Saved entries
******************************
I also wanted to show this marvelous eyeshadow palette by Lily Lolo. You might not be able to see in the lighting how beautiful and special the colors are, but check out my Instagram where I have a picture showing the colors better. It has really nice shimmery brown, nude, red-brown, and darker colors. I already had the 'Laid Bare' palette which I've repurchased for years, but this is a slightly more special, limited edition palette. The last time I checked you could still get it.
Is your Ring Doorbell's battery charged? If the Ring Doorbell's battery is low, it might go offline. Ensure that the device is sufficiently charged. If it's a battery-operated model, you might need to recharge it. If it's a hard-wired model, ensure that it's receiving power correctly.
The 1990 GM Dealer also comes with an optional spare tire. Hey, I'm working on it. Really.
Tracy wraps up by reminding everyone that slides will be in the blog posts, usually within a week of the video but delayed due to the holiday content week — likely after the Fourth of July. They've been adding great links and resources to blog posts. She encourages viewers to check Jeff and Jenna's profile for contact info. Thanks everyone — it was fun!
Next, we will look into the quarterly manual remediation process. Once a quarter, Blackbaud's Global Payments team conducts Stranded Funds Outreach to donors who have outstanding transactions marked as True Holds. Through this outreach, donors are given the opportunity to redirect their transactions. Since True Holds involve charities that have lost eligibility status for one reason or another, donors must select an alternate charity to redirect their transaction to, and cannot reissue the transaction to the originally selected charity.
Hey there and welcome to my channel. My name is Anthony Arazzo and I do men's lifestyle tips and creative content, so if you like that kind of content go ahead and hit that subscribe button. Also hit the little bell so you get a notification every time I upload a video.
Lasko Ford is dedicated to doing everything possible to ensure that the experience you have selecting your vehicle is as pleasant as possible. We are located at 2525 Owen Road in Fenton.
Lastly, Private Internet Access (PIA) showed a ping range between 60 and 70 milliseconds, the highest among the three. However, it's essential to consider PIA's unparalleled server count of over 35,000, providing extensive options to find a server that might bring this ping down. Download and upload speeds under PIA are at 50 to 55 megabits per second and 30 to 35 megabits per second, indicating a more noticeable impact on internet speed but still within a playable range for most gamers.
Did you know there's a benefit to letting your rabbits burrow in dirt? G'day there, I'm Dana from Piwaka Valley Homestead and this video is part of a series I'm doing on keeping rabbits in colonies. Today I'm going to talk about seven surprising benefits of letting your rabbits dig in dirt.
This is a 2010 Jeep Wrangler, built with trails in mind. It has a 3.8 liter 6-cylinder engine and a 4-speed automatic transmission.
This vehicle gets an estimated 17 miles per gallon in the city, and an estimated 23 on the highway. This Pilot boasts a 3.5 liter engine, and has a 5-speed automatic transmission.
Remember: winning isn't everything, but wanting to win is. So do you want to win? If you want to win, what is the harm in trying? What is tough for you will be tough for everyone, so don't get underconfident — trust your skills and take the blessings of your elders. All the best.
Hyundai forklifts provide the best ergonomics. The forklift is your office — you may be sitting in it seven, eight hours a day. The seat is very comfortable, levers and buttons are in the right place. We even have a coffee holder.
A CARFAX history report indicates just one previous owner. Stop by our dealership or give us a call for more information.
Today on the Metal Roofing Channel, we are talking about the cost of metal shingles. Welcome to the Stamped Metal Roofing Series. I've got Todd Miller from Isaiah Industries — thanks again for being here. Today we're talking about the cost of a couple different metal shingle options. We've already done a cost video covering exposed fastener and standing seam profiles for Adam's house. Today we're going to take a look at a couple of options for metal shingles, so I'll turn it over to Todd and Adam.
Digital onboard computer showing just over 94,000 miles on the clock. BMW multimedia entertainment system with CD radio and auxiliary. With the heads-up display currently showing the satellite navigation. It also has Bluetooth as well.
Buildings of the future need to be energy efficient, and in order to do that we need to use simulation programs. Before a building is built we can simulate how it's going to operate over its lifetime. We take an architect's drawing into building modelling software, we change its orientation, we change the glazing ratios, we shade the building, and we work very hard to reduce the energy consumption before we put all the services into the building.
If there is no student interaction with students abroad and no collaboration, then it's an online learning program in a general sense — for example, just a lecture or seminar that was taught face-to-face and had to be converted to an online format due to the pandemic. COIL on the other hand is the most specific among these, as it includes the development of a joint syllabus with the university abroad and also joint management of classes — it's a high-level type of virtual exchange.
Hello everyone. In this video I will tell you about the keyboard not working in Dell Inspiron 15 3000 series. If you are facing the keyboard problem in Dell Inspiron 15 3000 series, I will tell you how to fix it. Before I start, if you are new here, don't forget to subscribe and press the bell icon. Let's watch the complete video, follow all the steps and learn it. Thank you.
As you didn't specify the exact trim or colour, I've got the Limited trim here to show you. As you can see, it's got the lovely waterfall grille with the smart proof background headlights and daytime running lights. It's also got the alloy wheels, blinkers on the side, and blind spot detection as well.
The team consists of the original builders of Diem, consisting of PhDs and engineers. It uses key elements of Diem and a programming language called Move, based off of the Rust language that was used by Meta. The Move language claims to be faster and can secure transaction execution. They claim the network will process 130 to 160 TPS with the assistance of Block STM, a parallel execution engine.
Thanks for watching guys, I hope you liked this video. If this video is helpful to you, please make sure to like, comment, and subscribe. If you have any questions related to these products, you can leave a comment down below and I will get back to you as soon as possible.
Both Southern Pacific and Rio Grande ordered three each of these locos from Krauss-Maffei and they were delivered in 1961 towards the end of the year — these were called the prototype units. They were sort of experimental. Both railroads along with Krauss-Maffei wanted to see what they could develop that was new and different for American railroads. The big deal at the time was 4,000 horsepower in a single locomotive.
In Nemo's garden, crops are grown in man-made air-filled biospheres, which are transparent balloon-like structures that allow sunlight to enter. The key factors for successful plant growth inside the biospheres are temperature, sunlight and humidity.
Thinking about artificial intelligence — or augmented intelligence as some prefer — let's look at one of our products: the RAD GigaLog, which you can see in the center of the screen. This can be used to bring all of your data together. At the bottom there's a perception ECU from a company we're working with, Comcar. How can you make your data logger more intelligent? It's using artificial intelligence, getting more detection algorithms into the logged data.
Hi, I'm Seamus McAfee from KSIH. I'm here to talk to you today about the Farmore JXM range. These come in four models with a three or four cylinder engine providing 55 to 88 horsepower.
******************************
▶ _Exercise_
If a line in the records above holds the string "products", copy it.

▶ _Task response_
Thanks for watching guys, I hope you liked this video. If this video is helpful to you, please make sure to like, comment, and subscribe. If you have any questions related to these products, you can leave a comment down below and I will get back to you as soon as possible.
Thinking about artificial intelligence — or augmented intelligence as some prefer — let's look at one of our products: the RAD GigaLog, which you can see in the center of the screen. This can be used to bring all of your data together. At the bottom there's a perception ECU from a company we're working with, Comcar. How can you make your data logger more intelligent? It's using artificial intelligence, getting more detection algorithms into the logged data.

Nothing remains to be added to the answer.